TASK DIRECTIONS: Using the material below, print a verbatim copy of every line from the one containing "Potret Mendikdasmen Tinjau" through the one containing "Gianfranco Frattini for", inclusive, and omit the pictures.

SOURCE MATERIAL START

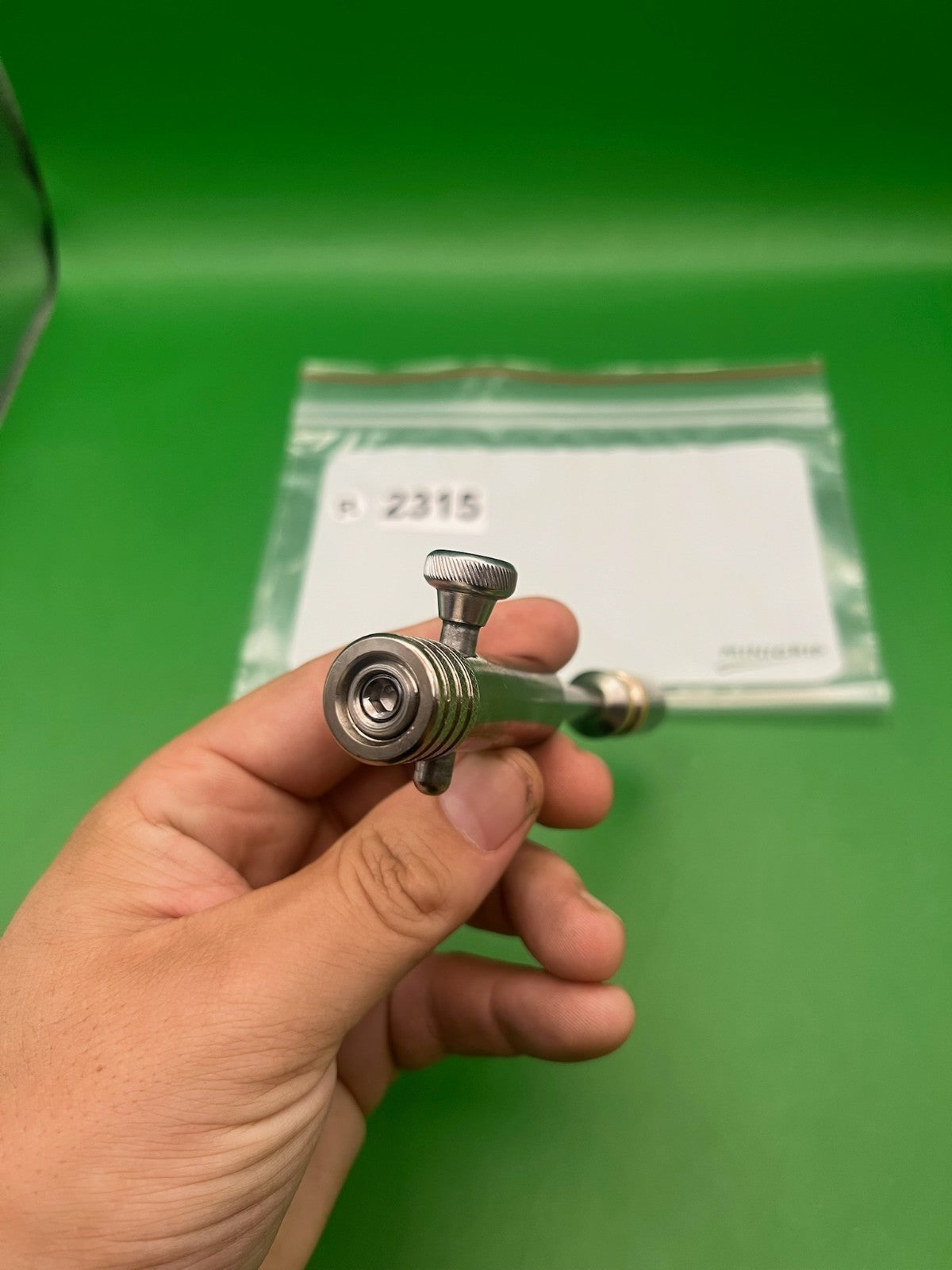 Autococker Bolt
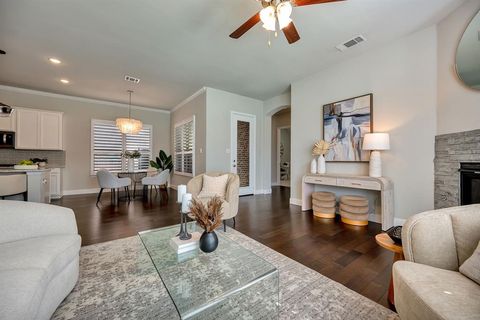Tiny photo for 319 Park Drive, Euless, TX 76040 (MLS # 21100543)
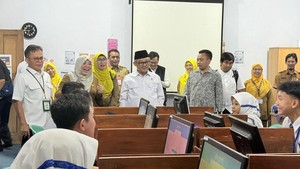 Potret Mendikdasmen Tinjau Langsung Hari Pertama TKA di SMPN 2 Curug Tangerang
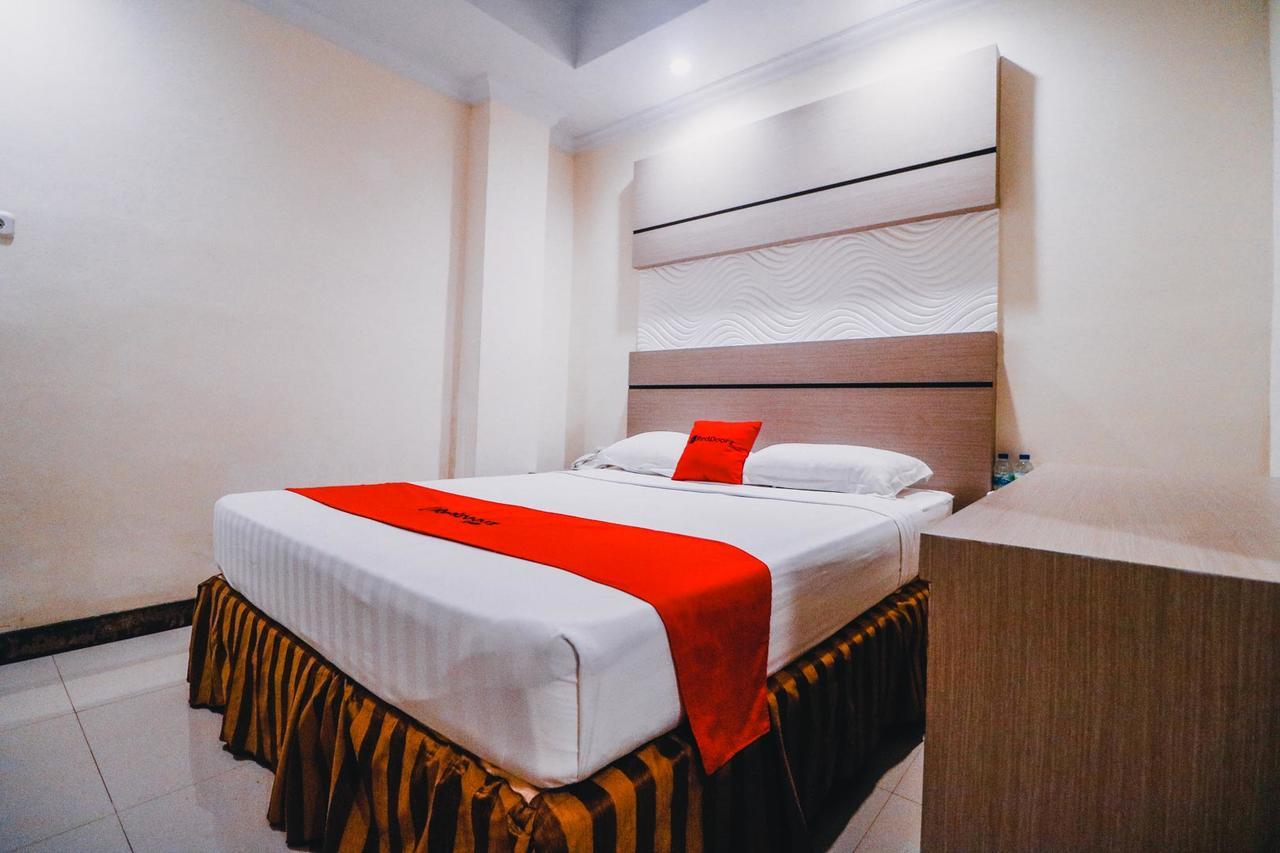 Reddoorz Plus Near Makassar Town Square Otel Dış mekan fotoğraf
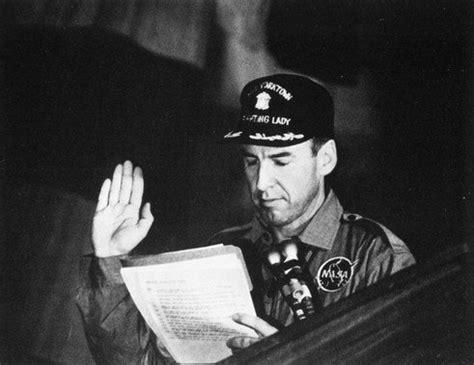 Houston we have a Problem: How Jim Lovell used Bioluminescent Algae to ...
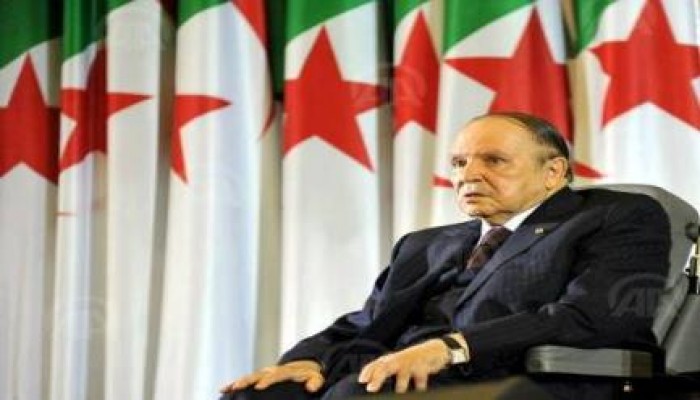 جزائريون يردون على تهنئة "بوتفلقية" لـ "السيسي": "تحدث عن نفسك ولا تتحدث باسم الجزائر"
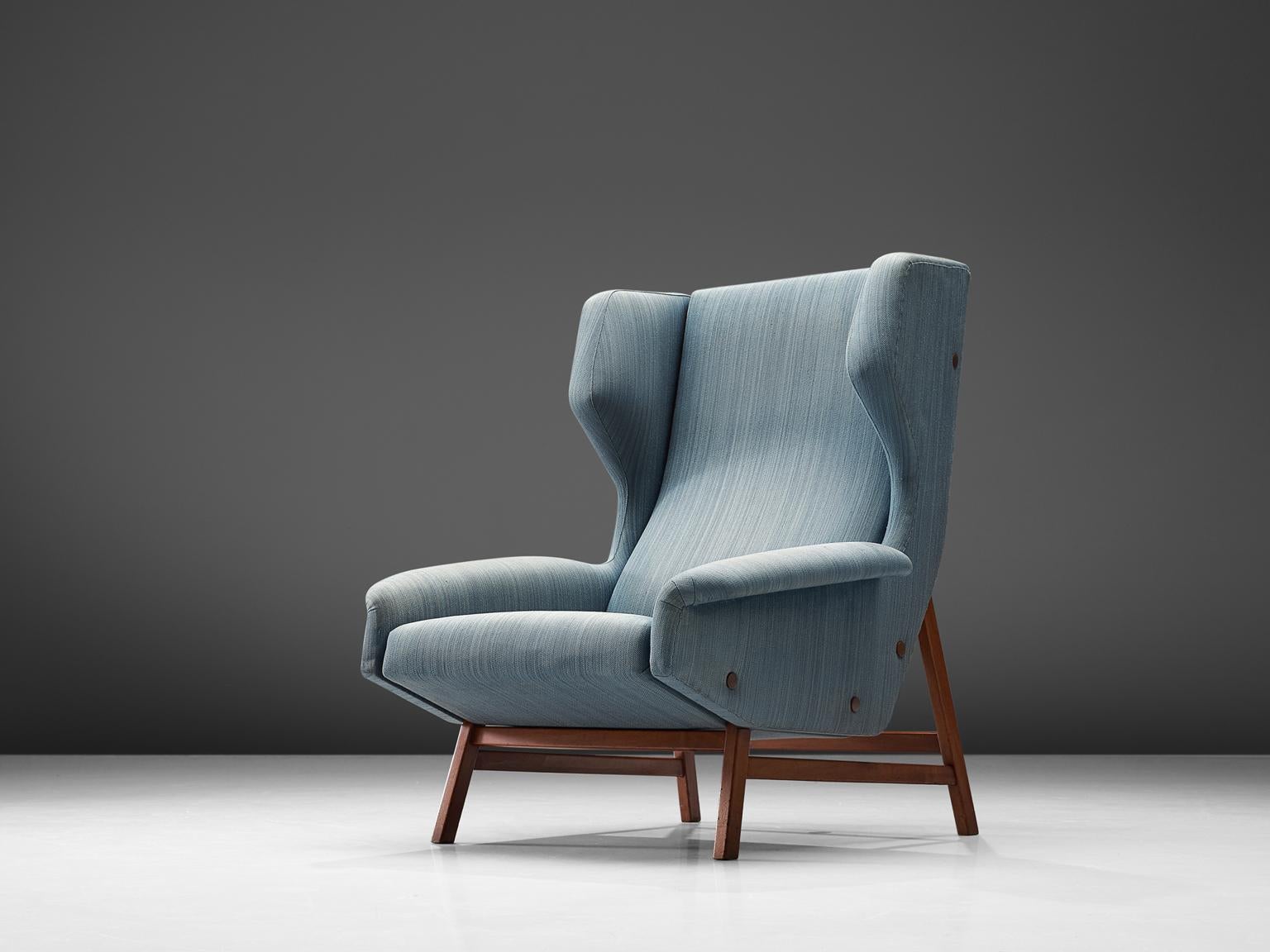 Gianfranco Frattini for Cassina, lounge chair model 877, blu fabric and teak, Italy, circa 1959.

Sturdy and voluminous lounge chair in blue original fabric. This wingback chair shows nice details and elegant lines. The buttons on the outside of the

SOURCE MATERIAL END

ANSWER BOX:
 Potret Mendikdasmen Tinjau Langsung Hari Pertama TKA di SMPN 2 Curug Tangerang
 Reddoorz Plus Near Makassar Town Square Otel Dış mekan fotoğraf
 Houston we have a Problem: How Jim Lovell used Bioluminescent Algae to ...
 جزائريون يردون على تهنئة "بوتفلقية" لـ "السيسي": "تحدث عن نفسك ولا تتحدث باسم الجزائر"
 Gianfranco Frattini for Cassina, lounge chair model 877, blu fabric and teak, Italy, circa 1959.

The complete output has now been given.